▶ EXERCISE BRIEF:
Your answer must be an exact copy of the listing that follows, with all pictures omitted.

▶ DATA SEGMENT:
#####

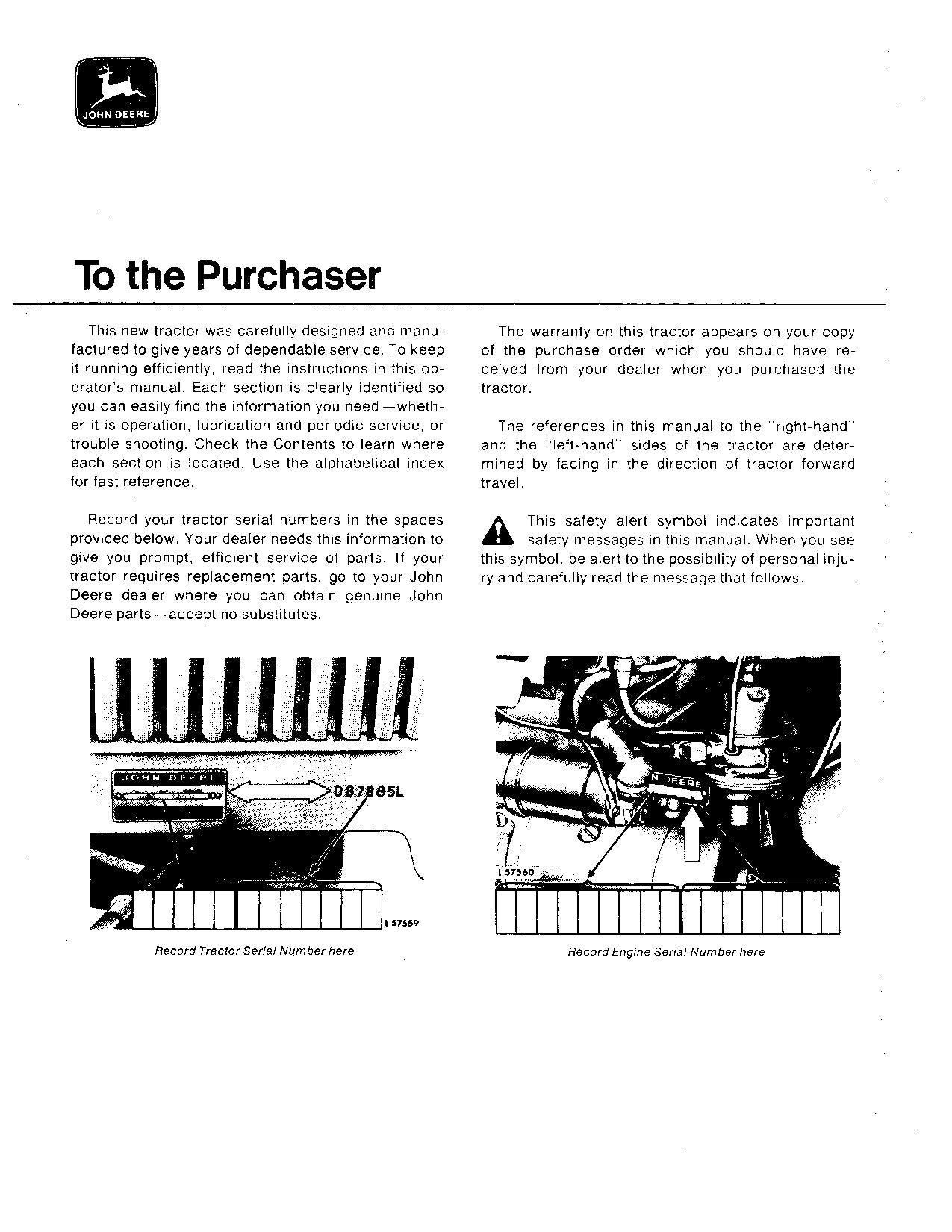 JOHN DEERE 830 TRACTOR OPERATORS MANUAL 100001-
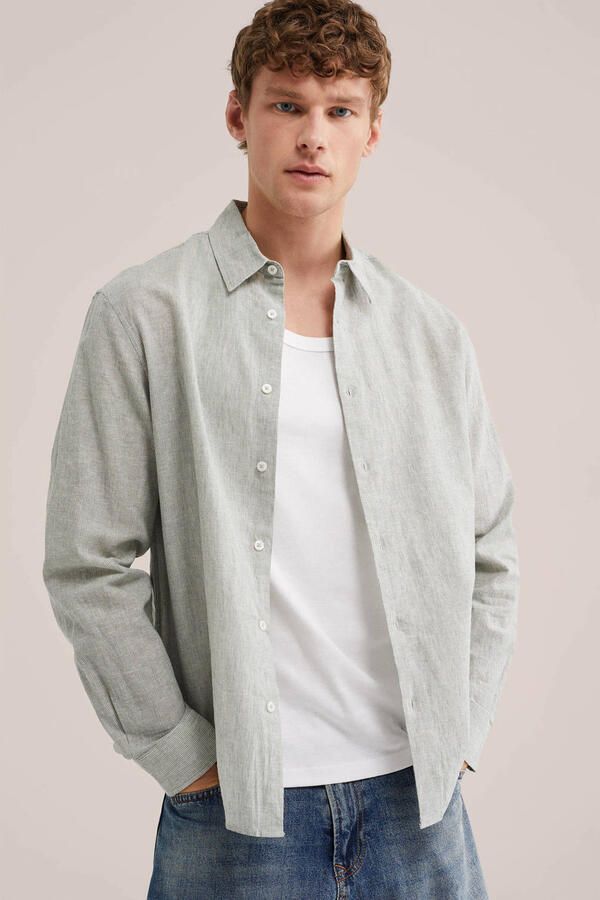 WE Fashion regular casual overhemd met linnen lichtgroen - Foto 3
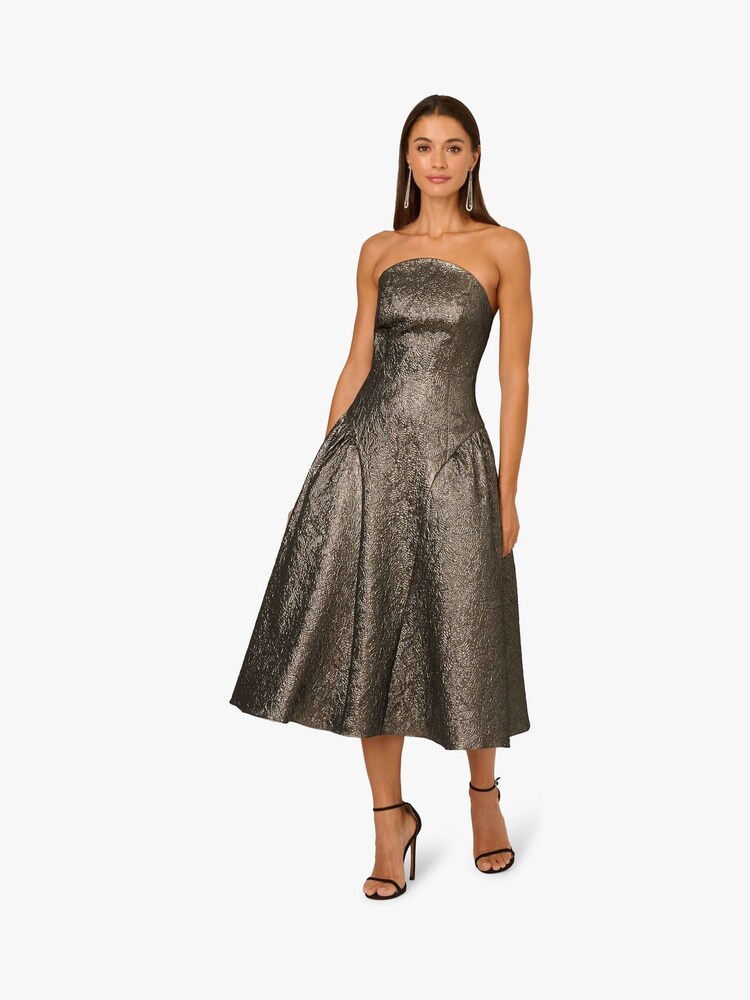 Adrianna Papell Adrianna By Strapless Metallic Ankle Dress - صورة 1 من 6 Adrianna Papell Adrianna By Strapless Metallic Ankle Dress - صورة 1 من 6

#####

▶ PROBLEM SOLUTION:
 JOHN DEERE 830 TRACTOR OPERATORS MANUAL 100001-
 WE Fashion regular casual overhemd met linnen lichtgroen - Foto 3
 Adrianna Papell Adrianna By Strapless Metallic Ankle Dress - صورة 1 من 6 Adrianna Papell Adrianna By Strapless Metallic Ankle Dress - صورة 1 من 6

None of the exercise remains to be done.